La stratégie européenne pour les données vise à créer un cadre pour une économie de données équitable et interopérable, en favorisant le partage de données au sein d’espaces de données européens. La mise en œuvre de cette stratégie a progressé grâce à des lois comme la Data Governance Act (DGA) et la Data Act (DA), ainsi que la création d’initiatives et de projets paneuropéens. Cette approche a également attiré l’attention mondiale, des pays comme les États-Unis et la Chine suivant des voies similaires.

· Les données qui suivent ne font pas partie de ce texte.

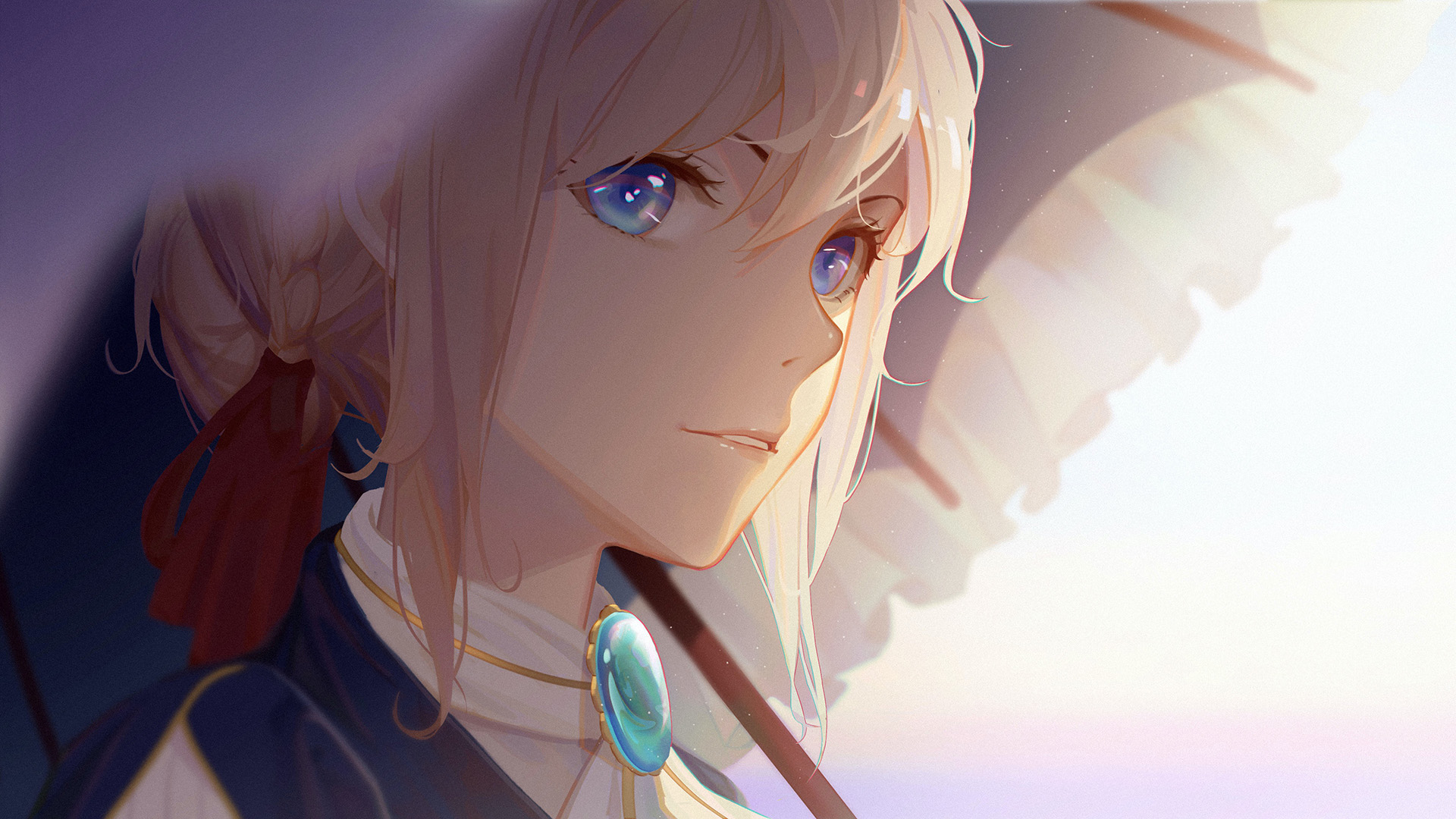 Violet Evergarden Blue Eyes Wallpaper, HD Anime 4K Wallpapers, Images,  Photos and Background - Wallpapers Den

Toutefois, le contexte international évolue rapidement, et l’Europe doit adapter sa stratégie pour maintenir son autonomie stratégique face aux tensions économiques globales et aux défis liés à l’IA générative. Cette dernière offre d’innombrables opportunités, mais requiert une grande puissance de calcul et un accès à des données de qualité. L’Union européenne doit donc accélérer son développement technologique et renforcer sa capacité à capter la valeur de ses vastes réservoirs de données.

Un rapport commandé par le Conseil européen souligne l’importance d’une « cinquième liberté » pour compléter les quatre libertés traditionnelles du marché unique (liberté de circulation des biens, services, personnes et capitaux) : « la cinquième liberté englobera plusieurs domaines, parmi lesquels la recherche, l’innovation, les données, les compétences, la connaissance et l’éducation ». L’Europe doit exploiter pleinement ses ressources de données et éviter qu’elles ne bénéficient à des entités extérieures.

La nouvelle Commission européenne devra s’appuyer sur les fondations bâties au cours des dernières années en déployant la stratégie européenne pour les données, et la développer davantage selon six axes stratégiques :

  • Regarder au-delà des frontières européennes

Développer une stratégie de données qui s’étend au-delà du marché intérieur européen. Comme pour les échanges de biens, prioriser le partage transfrontalier de données, dans toutes les chaînes d’approvisionnement mondiales, tout en promouvant des normes basées sur les valeurs européennes.

  • Modèles de fondation ouverts et axés sur la qualité

Utiliser les données de haute qualité disponibles en Europe pour enrichir les modèles de base de l’IA générative. Garantir la souveraineté des données et exploiter les ressources européennes, comme les clusters HPC.

  • Partage de données pour des cas d’utilisation multilatéraux

Favoriser l’innovation en combinant des données d’entreprises avec des données contextuelles et clients. Cela ouvre la voie à de nouvelles opportunités commerciales.

  • Open source et standardisation

Promouvoir les logiciels open source et renforcer les liens avec les normes internationales, via des collaborations avec des organismes tels que l’ISO.

  • Économie des plateformes

Comprendre l’économie des espaces de données, qui fonctionnent comme des plateformes avec des effets de réseau. Encourager la collaboration entre les acteurs pour maximiser les bénéfices des infrastructures de données partagées.

  • Conformité automatisée

Créer des cadres juridiques pour réguler l’économie des données tout en favorisant des technologies facilitant la conformité légale, comme l’ingénierie des normes et la conformité automatisée.

En somme, l’avenir de l’économie numérique européenne repose non seulement sur des stratégies politiques, mais aussi sur l’adoption d’une culture du partage des données, une notion ancrée dans les valeurs européennes.